Create a new Df with clusters included

In [None]:
venues_sorted.insert(0, 'Cluster Labels', kmeans.labels_)

venues_sorted.head()

Now we will prep our data for another merge

In [None]:
venues_sorted.head()
formerge = venues.loc[:, ['Neighborhood', 'Neighborhood Latitude', 'Neighborhood Longitude', 'City']] 
formerge.head()

In [None]:
# merge data to add latitude/longitude for each neighborhood
merged = venues_sorted.join(formerge.set_index('Neighborhood'), on='Neighborhood')

merged.head() # check the last columns!

In [None]:
merged.rename(columns={'Neighborhood Latitude': 'Latitude', 'Neighborhood Longitude': 'Longitude'}, inplace = True)

#### **Cluster Comparison**

Lets Visualize count of clusters first then we will look at our map

In [None]:
sns.countplot(x="Cluster", hue="City", data=merged)

In [None]:
# create map
map_clusters = folium.Map(location=[latitude, longitude], zoom_start=11)

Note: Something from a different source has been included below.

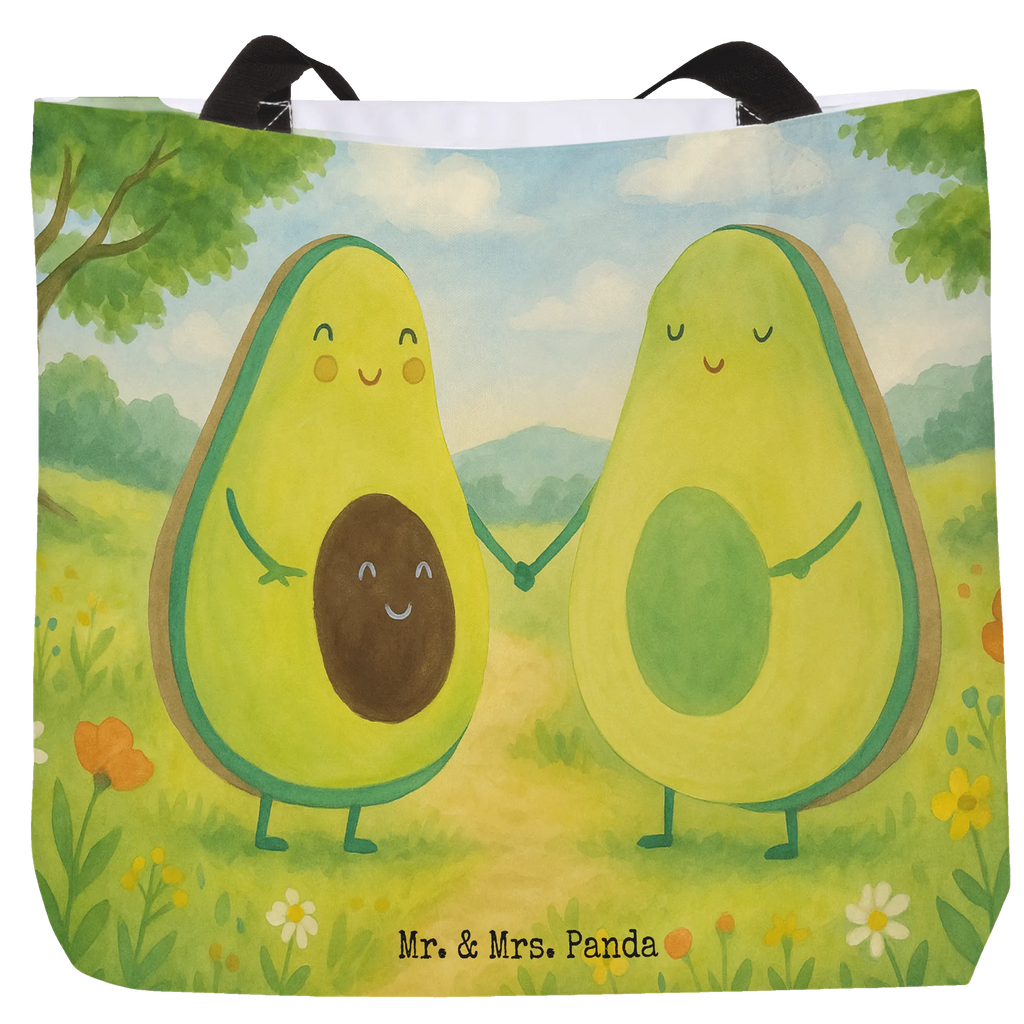 Shopper Avocado Pärchen Design Beutel, Einkaufstasche, Tasche, Strandtasche, Einkaufsbeutel, Shopper, Schultasche, Freizeittasche, Tragebeutel, Schulbeutel, Alltagstasche, Avocado, Veggie, Vegan, Gesund, Avocuddle, Liebe, Schwangerschaft, Familie, Babyshower, Babyparty, Hochzeit, Kinder, Avocados, Geburt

# set color scheme for the clusters
x = np.arange(kclusters)
ys = [i + x + (i*x)**2 for i in range(kclusters)]
colors_array = cm.rainbow(np.linspace(0, 1, len(ys)))
rainbow = [colors.rgb2hex(i) for i in colors_array]

# add markers to the map
markers_colors = []
for lat, lon, poi, cluster in zip(merged['Latitude'], merged['Longitude'], merged['Neighborhood'], merged['Cluster Labels']):
    label = folium.Popup(str(poi) + ' Cluster ' + str(cluster), parse_html=True)
    folium.CircleMarker(
        [lat, lon],
        radius=5,
        popup=label,
        color=rainbow[cluster-1],
        fill=True,
        fill_color=rainbow[cluster-1],
        fill_opacity=0.7).add_to(map_clusters)
       
map_clusters

## ***Results***

In this study we investigated neighborhoods of Toronto and New York. We used k means clustering method to make sense of the data. The majority of the neighborhoods seem to fall into busy district type of neighborhoods. There is also clearly more parks in Toronto than in NY. Also it seems that there are beaches in NY and not in Toronto. That could be because its colder in Toronto compared to New York.

## **Conclusion**

There are a lot of similarities between the two cities, Toronto & New York,  but each remain unique.